YOU know your baby best. Ignore charts and go with your instinct, trust your body and keep going, and all will be good.

I did this in spite of my dd being very ill for 6 weeks of her life, being hospitalised, contracting 2 viruses and always being very underweight for her age. She is 11 weeks old tomorrow and still only 8oz above her birth weight, but, i do know best, and I have carried on breastfeeding throughout and she is slowly gaining weight.

Xxxxx

zoobaby Fri 28-Dec-12 22:36:17

Stock up on lansinoh. Have a couple of tubes and locate them around the house.

You may hear something from one person and then the next person may totally contradict what you just heard.

BF babies can be very windy and crying doesn't always mean hunger (though 9 times out of 10 it is). Sometimes it can be discomfort and you need to give them some help with winding/massage.

zoobaby Fri 28-Dec-12 22:40:34

Oh yeah, and if you apply lansinoh as liberally as I did, then it can leave residue on your bra. This comes off easy enough by doing a bit of handwashing with dish washing liquid.

zoobaby Fri 28-Dec-12 22:42:16

Stock up on lansinoh. Have a couple of tubes and locate them around the house.

You may hear something from one person and then the next person may totally contradict what you just heard.

BF babies can be very windy and crying doesn't always mean hunger (though 9 times out of 10 it is). Sometimes it can be discomfort and you need to give them some help with winding/massage.

StuntNun Fri 28-Dec-12 22:46:28

Don't get disheartened by these posts, it isn't always difficult. My DS3 latched on without help from the first feed despite having to be in an incubator for the first two hours due to breathing difficulties from the general anaesthetic. He regained his birth weight by five days and has continued to feed well (now 6 weeks).
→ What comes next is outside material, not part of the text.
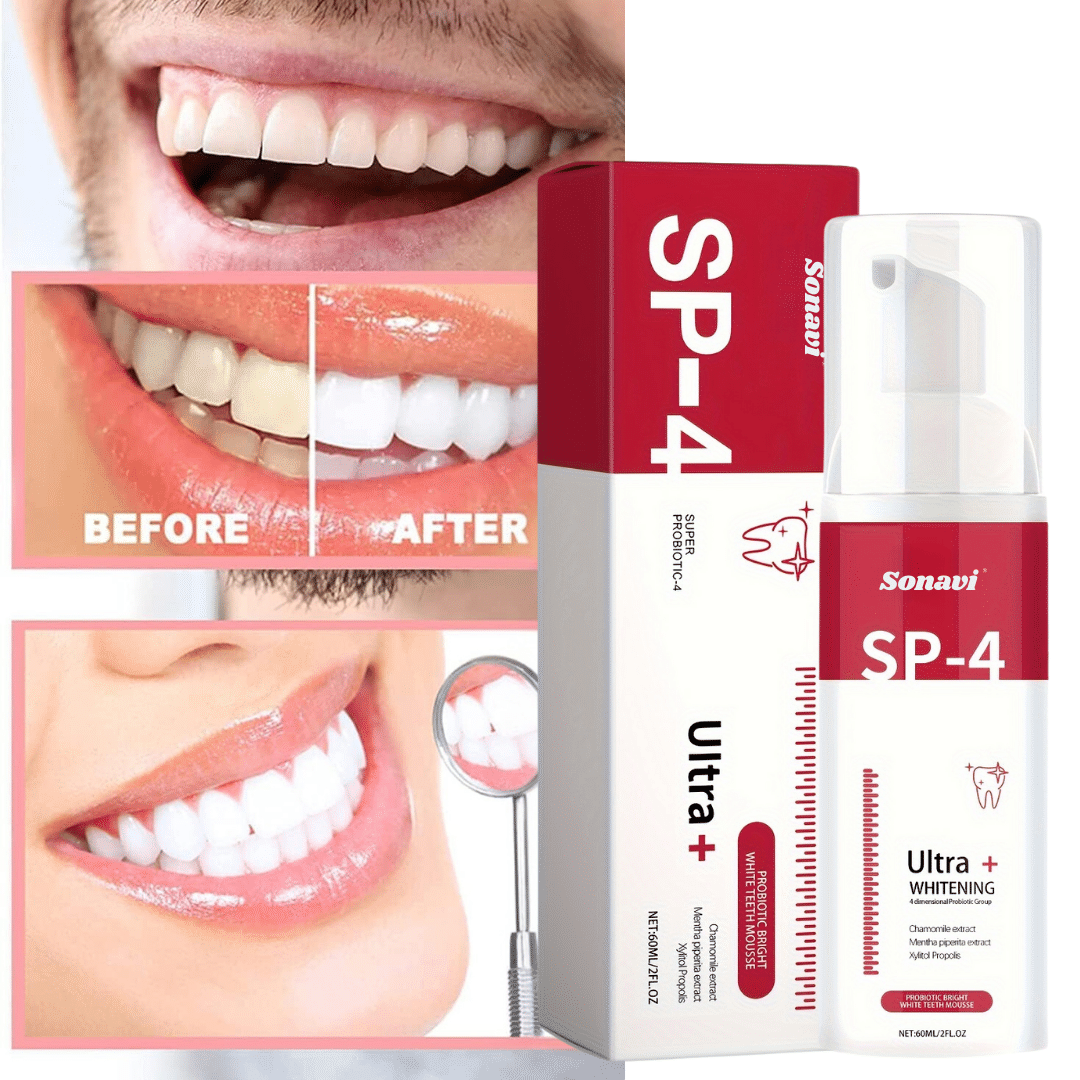Sonavi Total Health Toothpaste Pack of 1 Sonavi Total Health Toothpaste Pack of 1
You never hear the good stories on these posts but sometimes it does just work out.

That newborns feed and feed and feed
That hormones make them fall asleep at the breast
That you will be stuck to the sofa for hours at a time
That it is uncomfortable but lansinoh is awesome

Had I known all this I wouldn't have spent my dd's first six weeks clock watching and resenting not getting other (completely trivial) things done.

Dd is now 12mnths and only feeds for 10 mins at a time now; I actually miss the cluster feeding!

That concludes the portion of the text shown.